The Fat Kid

An ex is like the fat kid from high school.

“It is the potential which constitutes man, the potential to be opposite someone or something, to have one’s face-toward someone or something, to be a person. It is the potential to say ‘I’, addressed to ‘you’, to converse, to share… Therefore only the direct relationship, encounter, reference can make a person known. No objective information is able to exhaust the dissimilarity of the person, to make the person known to us… Whatever is beyond the possibility of a relationship, what is unrelated, is also non-existent, even if human logic confirms its existence.”

-Christos Yannaras, “Elements of Faith”

We all know that kid. That kid who was fat in high school and stayed fat forever. Except he didn’t stay fat forever. He went to college, worked out a lot, and became super hot and popular.

But for some dumb reason, his high school friends still see him as the fat kid. At least, the lame ones do, which happen to be a lot of them. For them, he’ll always be that kid.

It’s hard to accept that people change. I see this especially in bad breakups. When you break up with someone because he hurt you, it’s hard not to just turn that person into a personification of whatever reason you broke up. When you see that person weeks or months or years later for the first time, one of the first things you see in him is the reason you broke up. And you want to freeze him, for all eternity, in the box of that reason.

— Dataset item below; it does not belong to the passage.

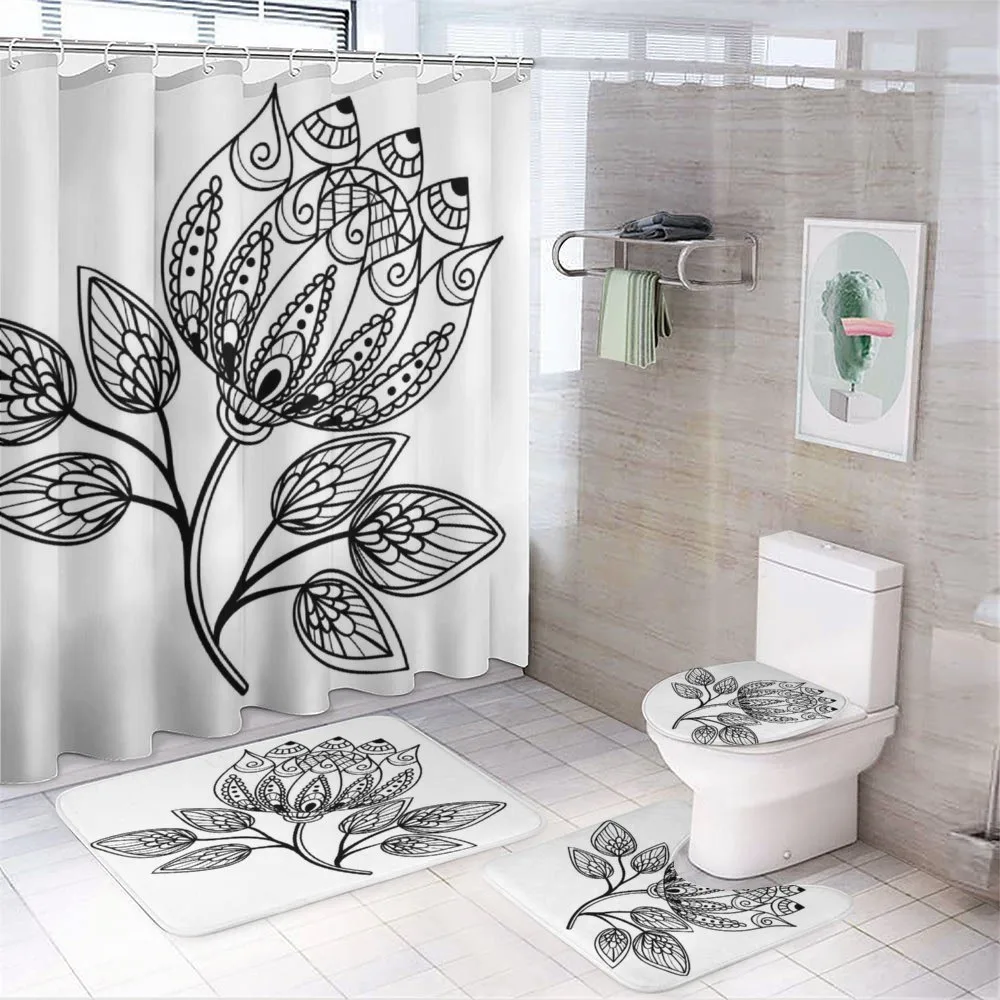 Monochrome Floral Pattern — Your design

It’s entirely possible that he hasn’t changed. But maybe he has. Maybe he’s not the fat kid anymore. The problem with the deeper stuff is that you can’t just wrap some measuring tape around his waist to determine whether or not he’s actually lost his baggage. The only way for that to happen is for you to turn him into a person again, to turn him into something capable of transcending whatever “objectivities” you’ve set up for him, including his past—and possibly present—deficiencies.

This personhood is only possible insofar as we have a potentiality of relationship, not necessarily a best friendship or even close comradeship, but as someone we encounter constantly anew, someone whose personhood includes his past and the innumerable objectivities of which we have become aware, but someone who is not definitively constrained in the box of those objectivities.

I’m not saying this is easy. It involves giving up a lot of control with regards to that person. Insofar as you objectify another, you control that other’s personhood in a way that sets up pre-established narratives for how you respond to him. Objectivity sets up spaces that are familiar and feel safer. Giving up that control, and establishing personhood, involves complicating or destroying our own narratives and entering into a realm of ambiguity that can be scary. When we encounter a person as other, we endanger our syllogisms of response. We enter into a mystery of the human person which transcends our own autonomous individuality. And this involves risk and vulnerability.

But risk and vulnerability are the places of creation and creativity, and that’s a space I want to occupy.